What does not qualify:
- An established house extended with extra bedrooms or a granny flat added to an existing property
- A 1-for-1 knock-down rebuild where a single house replaces a single house and dwelling numbers do not increase
- A new build that has been occupied for more than 12 months before being sold on to an investor
The 12-month occupancy rule is a genuine trap for buyers of near-new properties. Before signing a contract on anything advertised as new or near-new, verify the exact date of the occupancy certificate and the documented occupancy history.
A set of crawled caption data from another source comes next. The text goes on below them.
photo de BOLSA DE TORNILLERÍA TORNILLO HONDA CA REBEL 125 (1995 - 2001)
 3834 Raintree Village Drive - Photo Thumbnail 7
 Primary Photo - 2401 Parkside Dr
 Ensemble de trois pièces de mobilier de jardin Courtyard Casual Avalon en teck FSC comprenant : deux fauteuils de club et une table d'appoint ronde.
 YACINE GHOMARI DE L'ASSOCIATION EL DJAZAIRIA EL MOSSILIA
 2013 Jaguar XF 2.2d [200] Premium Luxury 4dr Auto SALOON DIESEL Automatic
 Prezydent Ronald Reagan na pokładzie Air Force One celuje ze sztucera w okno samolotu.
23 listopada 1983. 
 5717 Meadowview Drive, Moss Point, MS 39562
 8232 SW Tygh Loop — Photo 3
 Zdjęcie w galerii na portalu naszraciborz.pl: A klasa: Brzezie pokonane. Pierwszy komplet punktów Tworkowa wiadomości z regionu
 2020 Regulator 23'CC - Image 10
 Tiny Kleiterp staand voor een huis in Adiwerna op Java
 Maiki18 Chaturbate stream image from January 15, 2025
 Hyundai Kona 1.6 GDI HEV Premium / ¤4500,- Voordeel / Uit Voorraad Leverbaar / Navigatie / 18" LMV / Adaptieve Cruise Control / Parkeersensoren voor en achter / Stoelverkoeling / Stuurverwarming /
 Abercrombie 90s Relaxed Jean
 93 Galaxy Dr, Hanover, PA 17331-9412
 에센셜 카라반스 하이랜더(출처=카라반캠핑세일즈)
A property occupied for 14 months by the first owner loses its new build status entirely, even if it is physically only a few years old.
A Practical Comparison to Help You Think It Through
Scenario | Negative Gearing from 1 July 2027 |
Established property, contract before 12 May 2026, 7:30 pm | Fully grandfathered, offset against all income for as long as you hold it |
Established property, contract between 12 May 2026 and 30 June 2027 | Offset against all income until 30 June 2027; from 1 July 2027, losses quarantined to residential property pool (carry forward applies) |
Established property, contract from 1 July 2027 | Losses quarantined to residential property pool from day one; excess carried forward |
Eligible new build (any date) | Full negative gearing preserved against all income including wages |
What Most Articles Get Wrong About This Decision
A lot of coverage frames this as a simple “buy now or miss out” situation. That is not quite right.
If you are buying an established property purely to lock in existing negative gearing rules before 1 July 2027, you have a very short window with limited benefit. You get the traditional offset for at most a year before the restriction applies. After that, losses carry forward rather than disappearing.
The more meaningful question is whether the carry-forward model hurts you given your specific numbers. If your rental property is expected to generate positive income within a few years, the quarantined losses can offset that income and do the same tax work, just delayed. That delayed deduction still reduces your CGT liability when you eventually sell.
On the other hand, if you rely on the annual wage offset to make holding costs manageable, that is where the new rules create a real, ongoing difference for purchases of established properties.
What Property Investors Should Be Doing Now
Check your existing portfolio first. If you already hold negatively geared properties with contracts dated before 12 May 2026, those holdings are fully grandfathered for as long as you hold them. Nothing changes.
For new purchases, run the numbers on new builds in your target market. The negative gearing concession is fully preserved for eligible new builds. Off-the-plan apartments in suburban growth corridors, new house-and-land packages in areas like outer Brisbane, south-east Melbourne, or Perth’s northern suburbs, and duplex or multi-dwelling developments on vacant land are worth a closer look under the new rules, provided the investment fundamentals also stack up. Tax benefits should support a good investment decision, not replace one.
Map out your full tax picture. Your marginal rate, expected rental yield, likely capital growth, how long you plan to hold, and whether you rely on the annual wage offset all feed into whether established or new is the right call for your situation.
A registered tax agent or accountant who understands the transitional rules can model your specific numbers. The ATO has published tools to help investors calculate their position under the new arrangements, including the CGT cost base indexation calculation.
These changes are now law under the Treasury Laws Amendment (Tax Reform No. 1) Act 2026. The details in this article reflect the legislation as passed. Investors should seek professional advice before making any decisions.